Late 6th century BC painted terracotta Etruscan statue of Apollo

Another view

The Apollo of Veii is a life-size painted terracotta Etruscan statue of Aplu (Apollo), designed to be placed at the highest part of a temple. The statue was discovered in the Portonaccio sanctuary of ancient Veii, Latium, in what is now central Italy, and dates from c. 510-500 BCE. It was created in the so-called "international" Ionic or late-archaic Etruscan style.

The statue was discovered in 1916, and is now on display in the National Etruscan Museum in Rome.

== Creator ==
The statue was probably made by Vulca, an Etruscan artist who was also responsible for the Temple of Jupiter Optimus Maximus, according to Pliny. He is the only Etruscan artist known by name.

== Excavation & Restoration ==
Although excavations had occurred at Veii as early as the mid-1600s, work on the sanctuary itself began in 1914. It was sponsored by the Museo Villa Giulia and the Soprintendenza dell'Etruria Meridionale (Superintendency of Southern Etruria), and led by archaeologists Antonio Maria Colini, Ettore Gabrici, Guilio Giglioli, and Enrico Stefani. The Apollo was found on May 19th, 1916, in a trench dug out from the hill the sanctuary sits on.
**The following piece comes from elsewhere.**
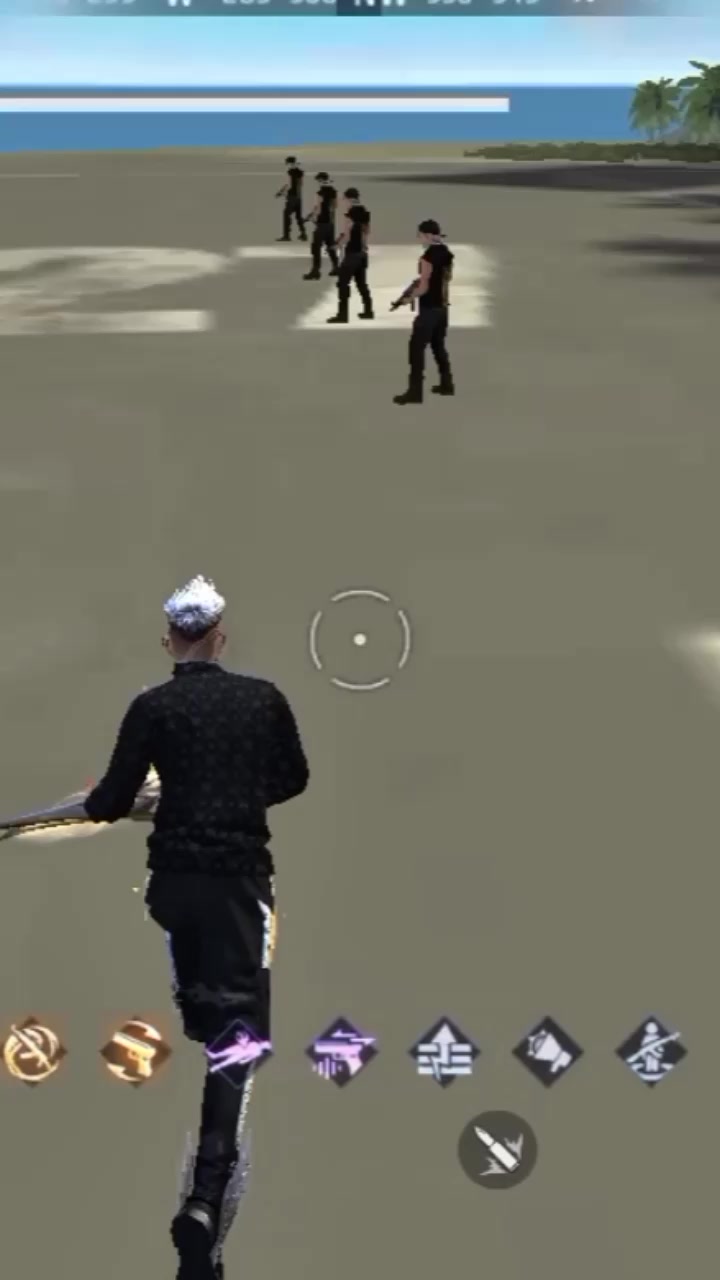 @WANNA SEE SOMETHING FUNNY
The statue was not displayed in the National Etruscan Museum until 1919, coinciding with the discovery's first publication in the archaeology periodical Notizie degli scavi di antichità ("News of Archaeological Excavations"), with a report by Giglioli titled "Statue fittili di età arcaica" ("Archaic-period terracotta statues"). In 1920, Giglioli would publish another report, "Veio, la città morta" ("Veii, the dead city") in the art magazine Emporium.

In 2004, the National Etruscan Museum, sponsored by The Italian Tobacconists Federation for Arts and Culture (FIT), set out to reanalyze the statue with more modern scientific equipment. Specifically, they were interested in learning more about the artistic technique and the type of materials used. The work was done at the Villa Guilia, behind glass through which museum-goers could view the progress of the restoration. They were able to confirm that the statue had been fired as a single piece and the sandy composition of the terracotta made the statue "sensitive to thermodynamic fluctuations". After six months, the statue was put on display again.

==Mythological depiction==
This terracotta statue was part of a scene of Apollo and Heracles contending over the Ceryneian Hind, placed 12 metres above the ground on beams on the acroterion of the Portonaccio Sanctuary of Minerva.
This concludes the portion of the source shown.